▸ **The problem**
Where the line containing "261 Queen Street, Newmarket, Ontario" appears in the records below, begin there and repeat each line exactly through the final one, dropping all pictures.

▸ **Given data**
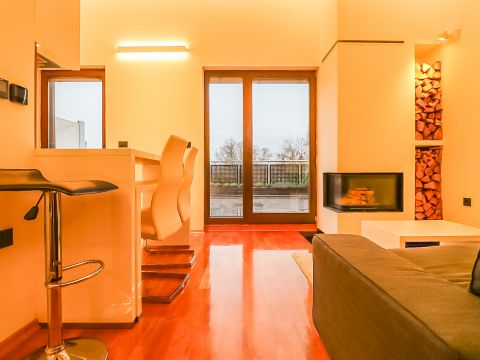 Apartment , Centar, Samobor, 57 m&sup2;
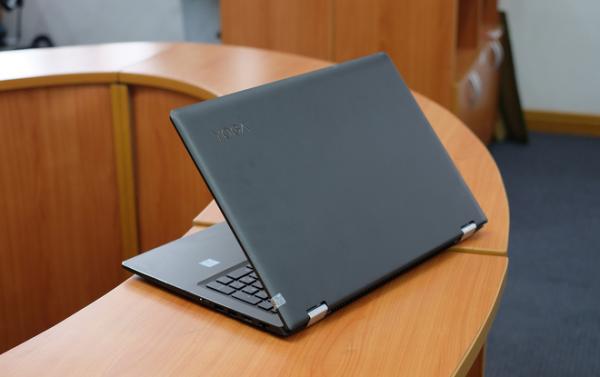 Laptop màn hình 15,6 inch xoay 360 độ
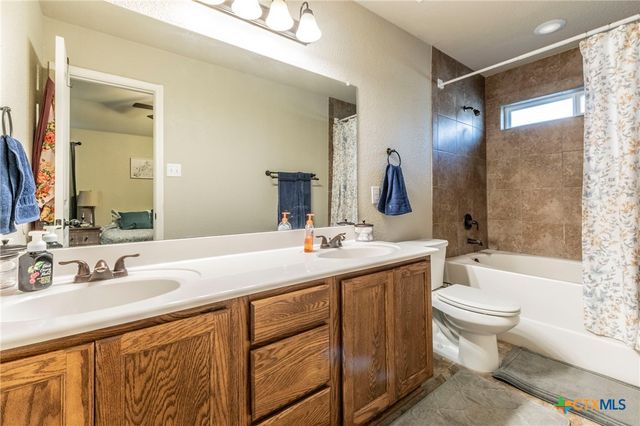 6806 Ambrose Circle, Temple, TX 76502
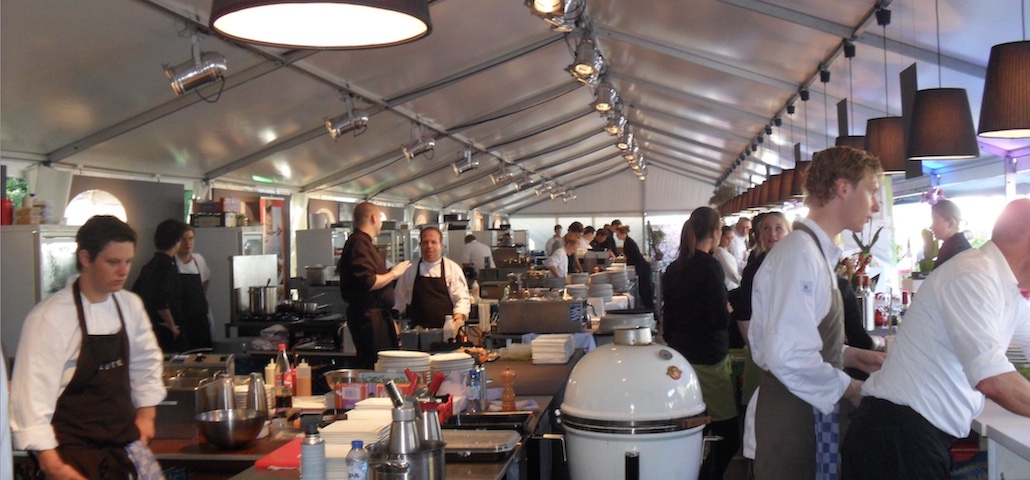 Küchenzelt mit Kochstationen und Essenausgabefür Gastronomen und Caterern auf Veranstaltungen, Food-Courts, Gastromeilen - Gatrozelt von Intersettle Zeltverleih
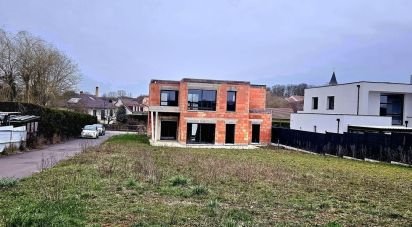 Maison 6 pièces de 146 m² à Charly-Oradour (57640)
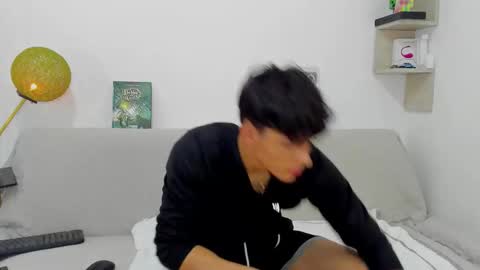 Snapshot of loganoficialx chatting on 11.09.25 loganoficialx online show from 11.09.25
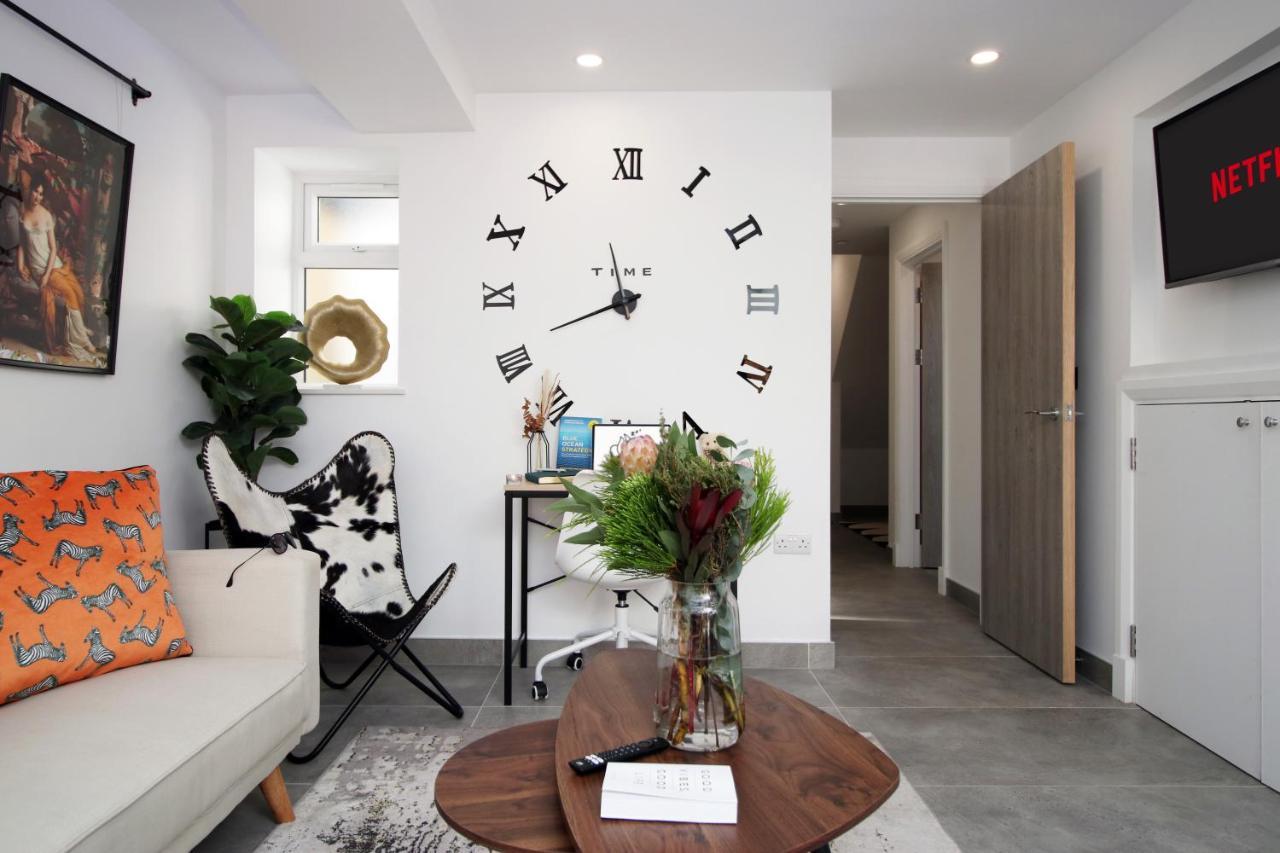 New Spacious 2 Bed Getaway - Private Courtyard! - Underfloor Heating Cardiff Luaran gambar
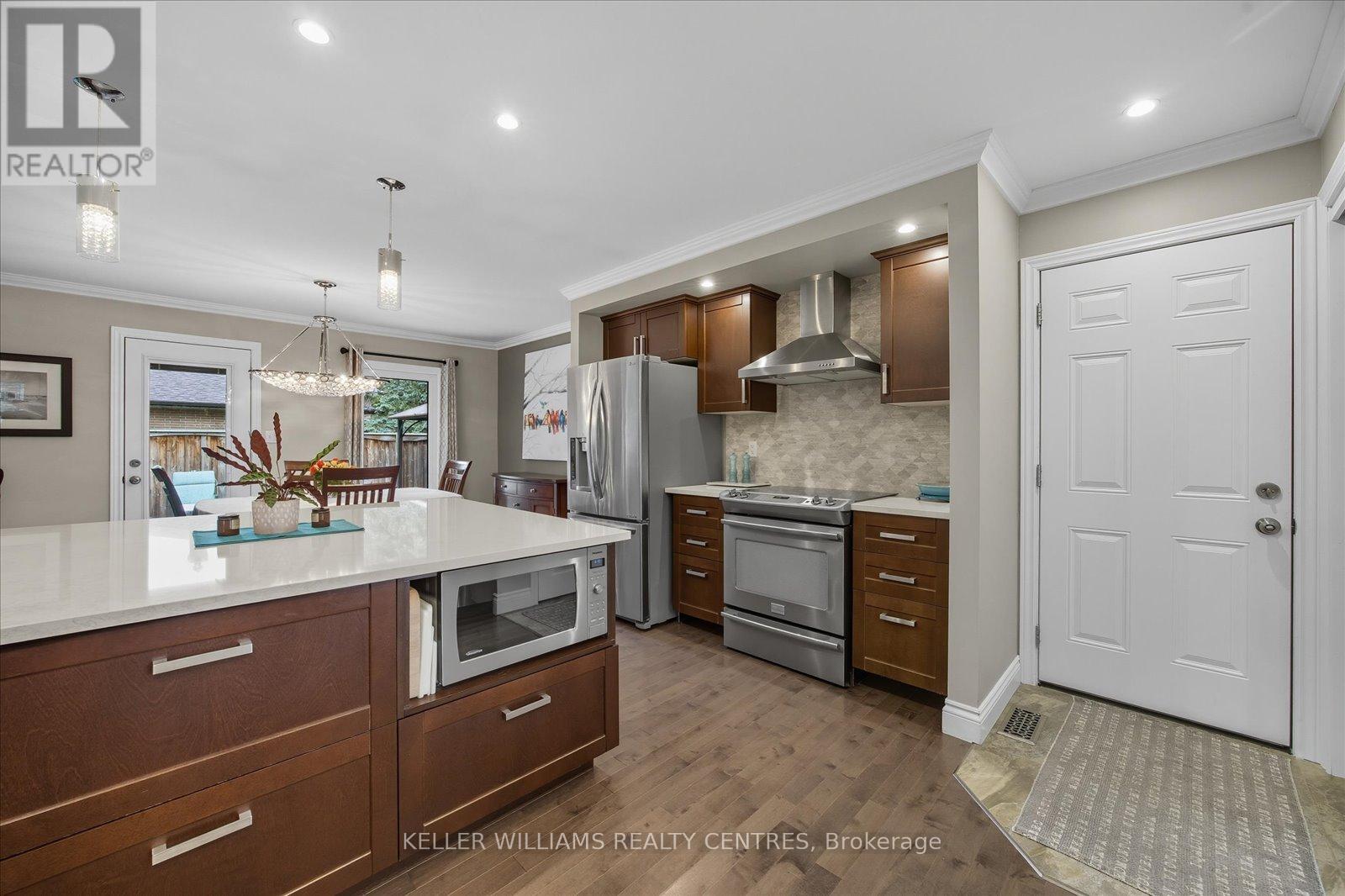261 Queen Street, Newmarket, Ontario  L3Y 2G1 - Photo 19 - N12423651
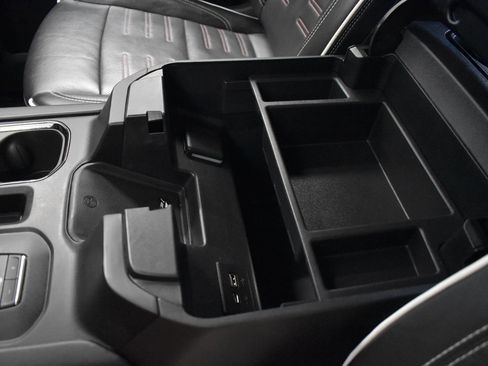 Used 2023 GMC Sierra 1500 AT4X image 28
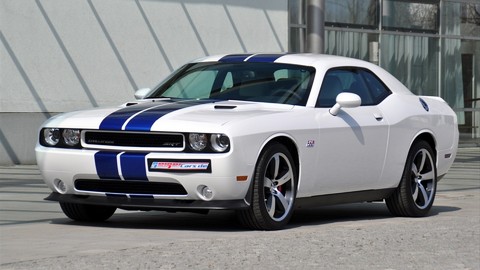 11207-dodge-challenger-srt8-white--.jpg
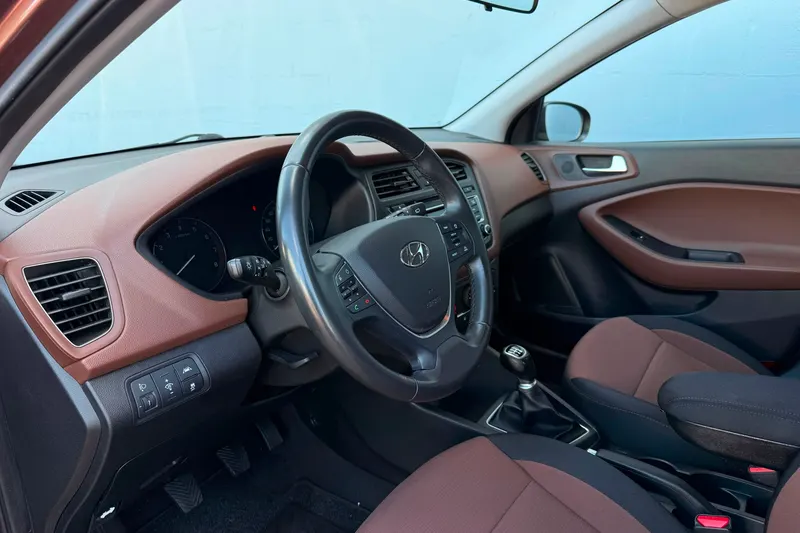 Hyundai i20 (2015)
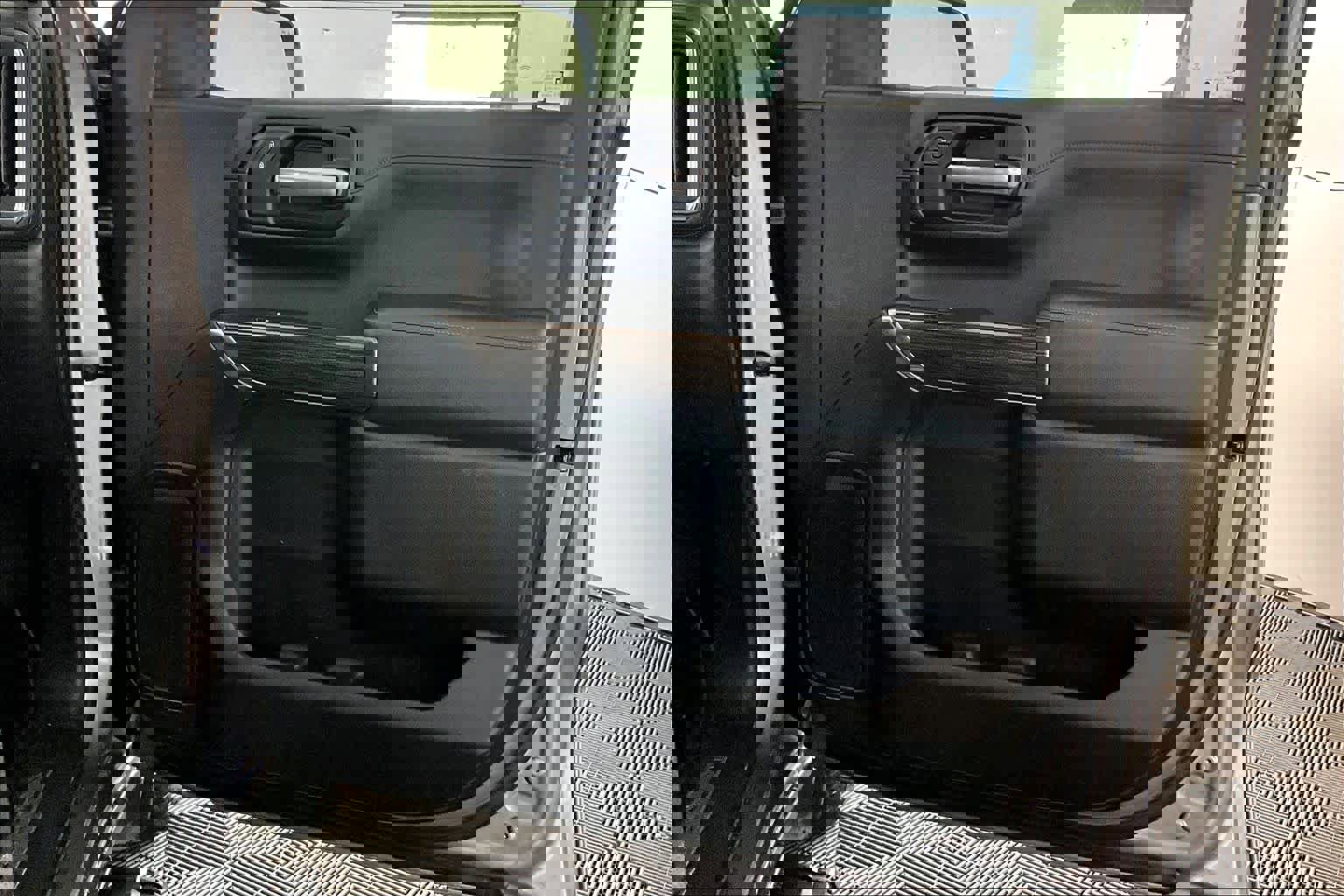 Used 2021 Chevrolet Silverado 1500 LT w/ Safety Package RWD image 22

▸ **Response**
261 Queen Street, Newmarket, Ontario  L3Y 2G1 - Photo 19 - N12423651
 Used 2023 GMC Sierra 1500 AT4X image 28
 11207-dodge-challenger-srt8-white--.jpg
 Hyundai i20 (2015)
 Used 2021 Chevrolet Silverado 1500 LT w/ Safety Package RWD image 22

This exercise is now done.